BooksNovember 27, 2020

The Unity Books bestseller chart for the week ending November 26

(Photo: Unity Books Auckland, via Instagram)
(Photo: Unity Books Auckland, via Instagram)

The only published and available best-selling indie book chart in New Zealand is the top 10 sales list recorded every week at Unity Books’ stores in High St, Auckland, and Willis St, Wellington.

AUCKLAND

1  A Promised Land by Barack Obama (Penguin Random House, $70)

The first volume of Obama’s presidential memoirs, released four years after his stint in the White House ended. Danyl Mclauchlan’s review for us begins “I somehow forgot that Obama could write.”

2  Shuggie Bain by Douglas Stewart (Picador, $38)

Winner, all by itself, of the 2020 Booker Prize.

3  Aroha: Māori Wisdom for a Contented Life Lived in Harmony with our Planet by Hinemoa Elder (Penguin Random House, $30)

“Kia mate ururoa, kei mate wheke / Fight like a shark, don’t give in like an octopus.

When a shark is caught on a fishing line it thrashes around furiously. Often the line breaks and it swims away. When an octopus is caught on a line it goes limp. Our ancestors were people of great principle, who believed in sticking to your values and fighting for what is right.

Nowadays, the world feels apathetic. Our political voting rates are low. People feel disengaged. There is a sense of powerlessness.

When I think of this whakataukī I see the fishing line and I see how exposed the shark and the octopus are. When we are exposed, what do we do – fight or go limp?”

4  Trio by William Boyd (Viking, $37)

“This is a book about the absurd business of film-making, the desperate business of writing a novel and the ludicrous business of acting – and it’s superbly wry and wise and funny and truthful on all three subjects. But, beneath that, it’s really a novel about the correspondences between the inner and the outer lives of human beings: a novel, in other words, about identity” – the Guardian

5  Tomorrow the World by MK Joseph (Atuanui Press, $35)
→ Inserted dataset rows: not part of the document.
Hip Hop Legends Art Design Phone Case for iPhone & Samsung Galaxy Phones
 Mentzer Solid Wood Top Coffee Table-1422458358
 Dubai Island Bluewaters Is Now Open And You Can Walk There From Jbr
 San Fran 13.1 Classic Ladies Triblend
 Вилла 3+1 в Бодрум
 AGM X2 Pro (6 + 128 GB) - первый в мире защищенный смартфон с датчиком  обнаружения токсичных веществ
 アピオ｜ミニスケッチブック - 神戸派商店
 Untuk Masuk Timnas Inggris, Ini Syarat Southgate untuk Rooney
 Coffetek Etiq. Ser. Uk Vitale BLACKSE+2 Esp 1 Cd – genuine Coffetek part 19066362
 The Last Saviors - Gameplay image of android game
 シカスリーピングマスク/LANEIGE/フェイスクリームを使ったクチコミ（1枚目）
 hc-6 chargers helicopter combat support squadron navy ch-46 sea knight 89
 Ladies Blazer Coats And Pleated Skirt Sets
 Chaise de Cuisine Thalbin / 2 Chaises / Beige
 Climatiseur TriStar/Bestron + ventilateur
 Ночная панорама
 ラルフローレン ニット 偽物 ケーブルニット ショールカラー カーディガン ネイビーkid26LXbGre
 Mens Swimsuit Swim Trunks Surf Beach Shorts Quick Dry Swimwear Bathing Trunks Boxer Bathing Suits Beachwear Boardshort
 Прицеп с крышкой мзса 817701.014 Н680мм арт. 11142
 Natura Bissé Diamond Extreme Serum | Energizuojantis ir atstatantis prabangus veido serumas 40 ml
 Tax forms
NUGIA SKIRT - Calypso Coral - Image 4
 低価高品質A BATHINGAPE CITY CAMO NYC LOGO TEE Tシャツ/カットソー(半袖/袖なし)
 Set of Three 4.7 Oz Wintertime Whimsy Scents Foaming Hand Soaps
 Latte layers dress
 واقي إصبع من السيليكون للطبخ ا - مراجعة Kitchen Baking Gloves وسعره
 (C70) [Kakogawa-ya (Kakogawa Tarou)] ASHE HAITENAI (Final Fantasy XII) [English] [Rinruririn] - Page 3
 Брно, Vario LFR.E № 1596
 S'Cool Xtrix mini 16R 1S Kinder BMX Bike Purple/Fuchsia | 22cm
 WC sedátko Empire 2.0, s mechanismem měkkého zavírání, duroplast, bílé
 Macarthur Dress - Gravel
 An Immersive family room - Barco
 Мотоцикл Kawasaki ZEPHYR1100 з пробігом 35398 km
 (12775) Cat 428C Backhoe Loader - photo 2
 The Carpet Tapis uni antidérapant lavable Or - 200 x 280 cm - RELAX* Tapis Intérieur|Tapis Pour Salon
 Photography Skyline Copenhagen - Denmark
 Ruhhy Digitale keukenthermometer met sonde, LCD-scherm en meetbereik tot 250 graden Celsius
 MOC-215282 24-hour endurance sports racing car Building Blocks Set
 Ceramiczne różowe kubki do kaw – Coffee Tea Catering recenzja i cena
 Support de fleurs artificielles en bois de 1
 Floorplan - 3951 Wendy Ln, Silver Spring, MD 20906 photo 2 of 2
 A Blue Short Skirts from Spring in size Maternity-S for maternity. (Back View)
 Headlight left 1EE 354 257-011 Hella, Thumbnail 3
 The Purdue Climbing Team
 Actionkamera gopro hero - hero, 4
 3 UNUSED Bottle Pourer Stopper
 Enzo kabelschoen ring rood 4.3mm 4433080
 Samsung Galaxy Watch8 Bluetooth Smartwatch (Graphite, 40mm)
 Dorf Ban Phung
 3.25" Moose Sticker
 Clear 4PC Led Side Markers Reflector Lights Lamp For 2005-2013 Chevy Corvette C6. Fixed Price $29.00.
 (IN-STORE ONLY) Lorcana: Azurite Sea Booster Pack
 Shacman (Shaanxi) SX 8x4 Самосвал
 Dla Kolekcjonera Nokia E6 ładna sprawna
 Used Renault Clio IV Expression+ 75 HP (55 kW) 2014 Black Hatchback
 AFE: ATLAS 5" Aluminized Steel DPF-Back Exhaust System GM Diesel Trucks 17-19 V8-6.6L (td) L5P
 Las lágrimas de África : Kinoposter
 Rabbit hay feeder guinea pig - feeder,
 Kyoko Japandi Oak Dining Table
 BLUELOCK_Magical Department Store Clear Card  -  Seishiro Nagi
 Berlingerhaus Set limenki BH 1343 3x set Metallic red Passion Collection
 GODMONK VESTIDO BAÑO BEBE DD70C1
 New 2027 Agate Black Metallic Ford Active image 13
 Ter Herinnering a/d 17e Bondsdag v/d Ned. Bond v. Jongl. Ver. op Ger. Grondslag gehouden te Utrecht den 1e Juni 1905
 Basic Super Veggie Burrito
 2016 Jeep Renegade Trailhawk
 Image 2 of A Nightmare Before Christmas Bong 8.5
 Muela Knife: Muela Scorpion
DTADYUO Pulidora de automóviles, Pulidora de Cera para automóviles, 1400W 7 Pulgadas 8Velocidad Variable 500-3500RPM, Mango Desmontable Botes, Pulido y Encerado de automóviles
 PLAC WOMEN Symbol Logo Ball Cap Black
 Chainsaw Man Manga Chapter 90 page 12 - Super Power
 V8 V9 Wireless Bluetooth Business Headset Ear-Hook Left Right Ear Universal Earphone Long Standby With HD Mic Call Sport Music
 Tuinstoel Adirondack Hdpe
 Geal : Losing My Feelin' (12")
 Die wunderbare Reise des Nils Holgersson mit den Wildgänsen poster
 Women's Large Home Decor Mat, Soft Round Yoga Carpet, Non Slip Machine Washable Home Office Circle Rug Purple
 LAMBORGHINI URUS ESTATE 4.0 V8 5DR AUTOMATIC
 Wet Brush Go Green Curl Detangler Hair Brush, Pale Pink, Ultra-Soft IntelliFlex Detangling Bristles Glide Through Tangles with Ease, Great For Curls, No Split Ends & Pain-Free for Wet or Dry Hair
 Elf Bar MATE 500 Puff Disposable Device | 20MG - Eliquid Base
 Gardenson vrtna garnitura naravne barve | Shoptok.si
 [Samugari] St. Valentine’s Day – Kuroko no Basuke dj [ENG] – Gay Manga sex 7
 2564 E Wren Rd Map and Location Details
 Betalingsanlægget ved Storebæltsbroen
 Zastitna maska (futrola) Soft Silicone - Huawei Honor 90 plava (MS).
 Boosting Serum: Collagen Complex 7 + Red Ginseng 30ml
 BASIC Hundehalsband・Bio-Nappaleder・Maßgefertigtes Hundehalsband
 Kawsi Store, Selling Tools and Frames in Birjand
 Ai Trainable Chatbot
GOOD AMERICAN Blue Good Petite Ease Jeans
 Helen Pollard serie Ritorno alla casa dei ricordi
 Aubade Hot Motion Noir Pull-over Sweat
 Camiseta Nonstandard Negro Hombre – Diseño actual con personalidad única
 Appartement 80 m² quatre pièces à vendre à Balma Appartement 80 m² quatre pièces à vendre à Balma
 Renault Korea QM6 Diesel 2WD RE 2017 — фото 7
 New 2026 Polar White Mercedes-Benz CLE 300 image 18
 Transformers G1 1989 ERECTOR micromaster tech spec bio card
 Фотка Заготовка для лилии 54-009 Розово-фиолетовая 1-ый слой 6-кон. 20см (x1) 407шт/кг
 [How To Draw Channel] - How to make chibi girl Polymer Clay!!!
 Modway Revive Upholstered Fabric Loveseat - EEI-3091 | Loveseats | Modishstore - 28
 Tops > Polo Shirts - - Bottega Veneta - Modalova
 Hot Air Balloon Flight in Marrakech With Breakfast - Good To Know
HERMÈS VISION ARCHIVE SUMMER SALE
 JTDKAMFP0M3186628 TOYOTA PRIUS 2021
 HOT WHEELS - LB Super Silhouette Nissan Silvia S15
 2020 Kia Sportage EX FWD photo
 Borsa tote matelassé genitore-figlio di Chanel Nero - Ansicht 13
The book is an imagining of Hitler dying, dictating his memoirs, as his commanders plot their paths to power and a resistance group smuggles a package across Europe.

We asked the publishers for the book’s backstory and managing editor Brett Cross explained in an email:
“Tomorrow the World was left unpublished when MK Joseph died suddenly in 1981. His children did approach some publishers with it but they turned it down, one of them even said ‘dead writers don’t sell’, so it has been housed in the Turnbull library for the last 30-plus years.
We found out about it through Chuck Joseph (MK’s son) while talking to him on Twitter, he recovered the manuscript from the Turnbull and passed it on, and it all happened from there. It was a big help that CNZ supported it too.”

6  Navigating the Stars: Māori Creation Myths by Witi Ihimaera (Vintage, $45)

A snippet from the extract we published a couple of weeks ago, on the redemption of Hine-nui-te-pō:

“For the sake of her child – for all children – and for the sisterhood, she sacrificed herself. She became the mother who would take us to her at death; rather her than Whiro.

In so doing, Hine-nui-te-pō should have risen triumphant, don’t you think? Instead, she was demonised.”

7  Ghosts by Dolly Alderton (Fig Tree, $37)

Get yourself over to Barry Pierce’s Twitter account (he reviews for the Irish Times, which is paywalled). There you’ll find a photo of his review, which the Daily Mail (lol) said “might just be one of the most brutal critiques ever written”.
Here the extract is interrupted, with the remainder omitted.